## Activity:
Set down each of the records below exactly as it reads. No pictures go into the copy.

Items from a dataset:
_____

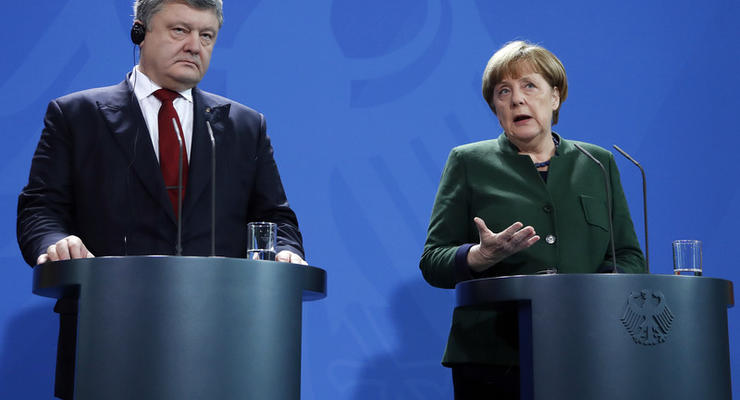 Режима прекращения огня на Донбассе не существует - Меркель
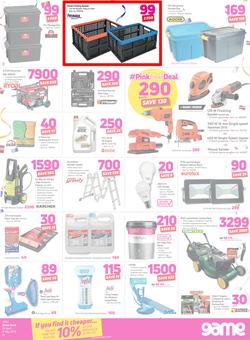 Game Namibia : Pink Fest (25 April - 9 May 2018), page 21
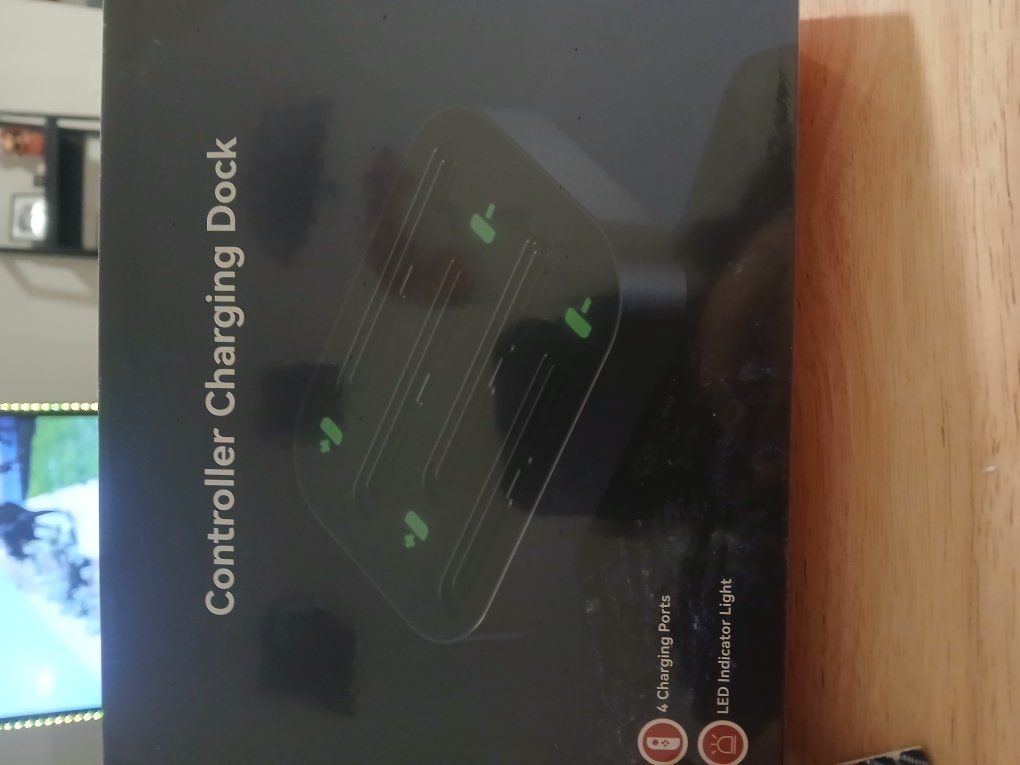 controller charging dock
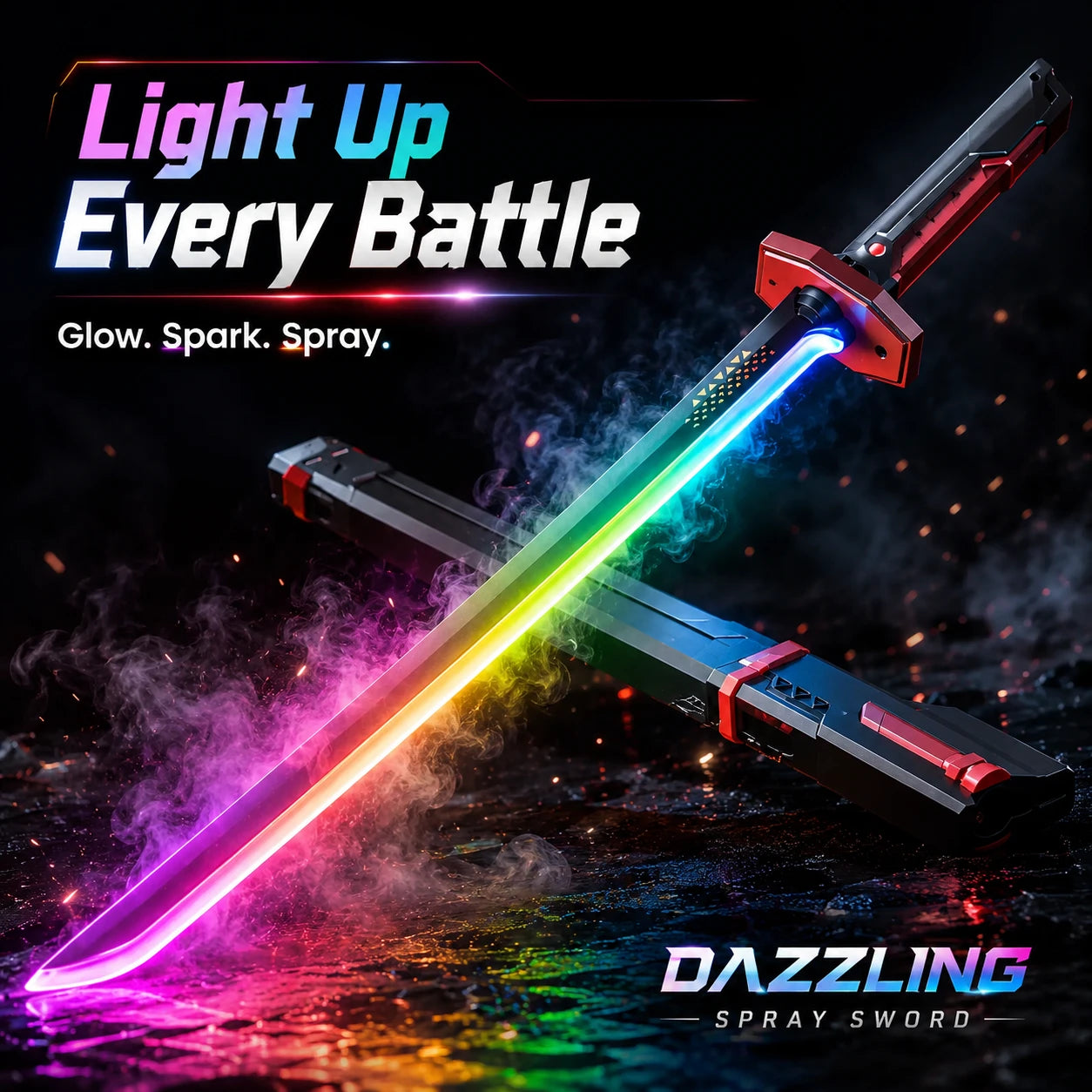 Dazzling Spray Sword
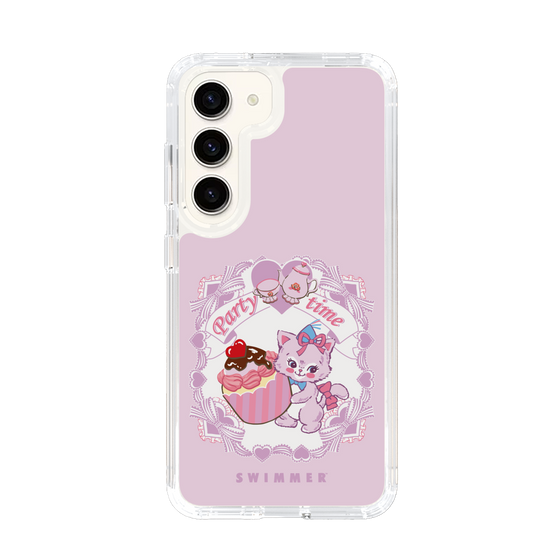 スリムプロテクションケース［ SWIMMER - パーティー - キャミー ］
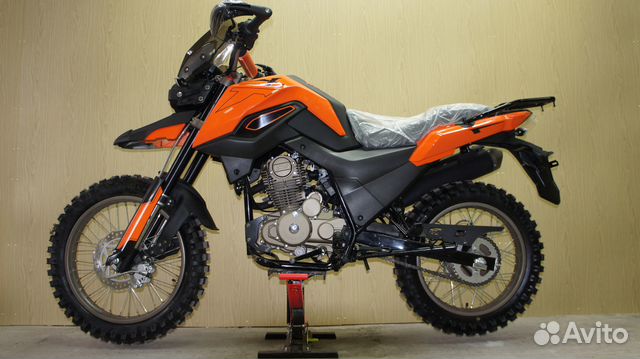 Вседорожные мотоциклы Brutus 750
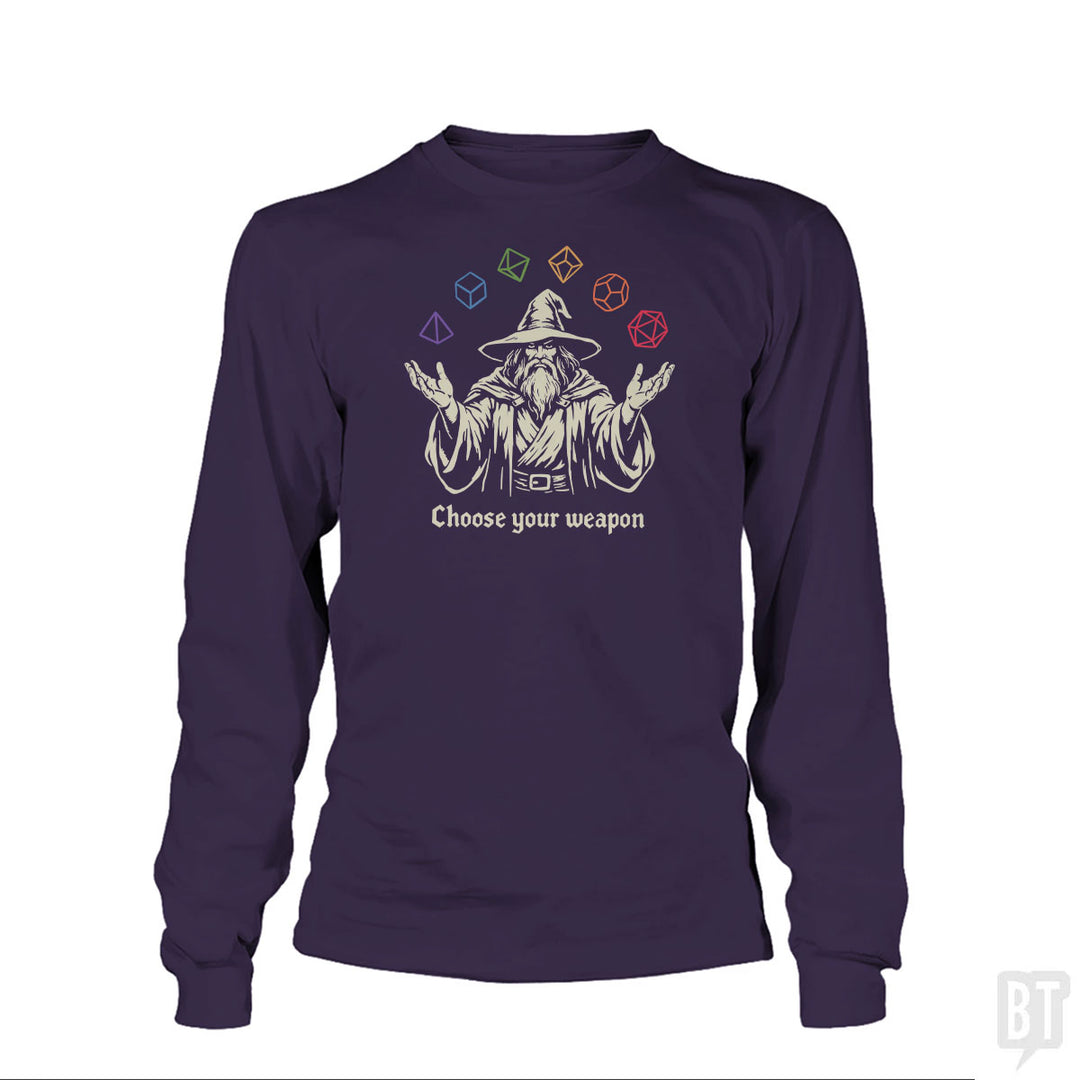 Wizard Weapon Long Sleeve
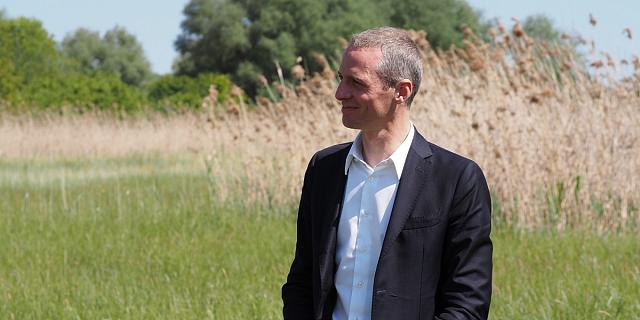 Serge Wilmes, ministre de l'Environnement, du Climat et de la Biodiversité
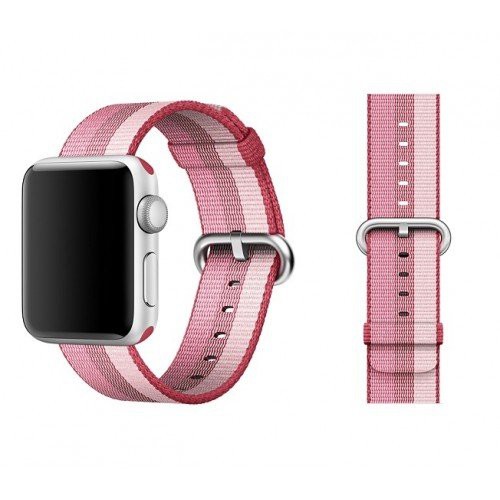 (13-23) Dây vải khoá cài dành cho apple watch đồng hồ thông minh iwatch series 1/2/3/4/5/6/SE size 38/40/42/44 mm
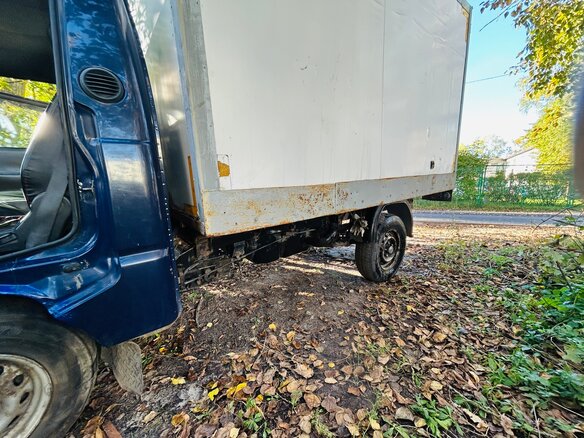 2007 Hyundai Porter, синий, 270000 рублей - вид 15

_____

## Output of the exercise:
 Режима прекращения огня на Донбассе не существует - Меркель
 Game Namibia : Pink Fest (25 April - 9 May 2018), page 21
 controller charging dock
 Dazzling Spray Sword
 スリムプロテクションケース［ SWIMMER - パーティー - キャミー ］
 Вседорожные мотоциклы Brutus 750
 Wizard Weapon Long Sleeve
 Serge Wilmes, ministre de l'Environnement, du Climat et de la Biodiversité
 (13-23) Dây vải khoá cài dành cho apple watch đồng hồ thông minh iwatch series 1/2/3/4/5/6/SE size 38/40/42/44 mm
 2007 Hyundai Porter, синий, 270000 рублей - вид 15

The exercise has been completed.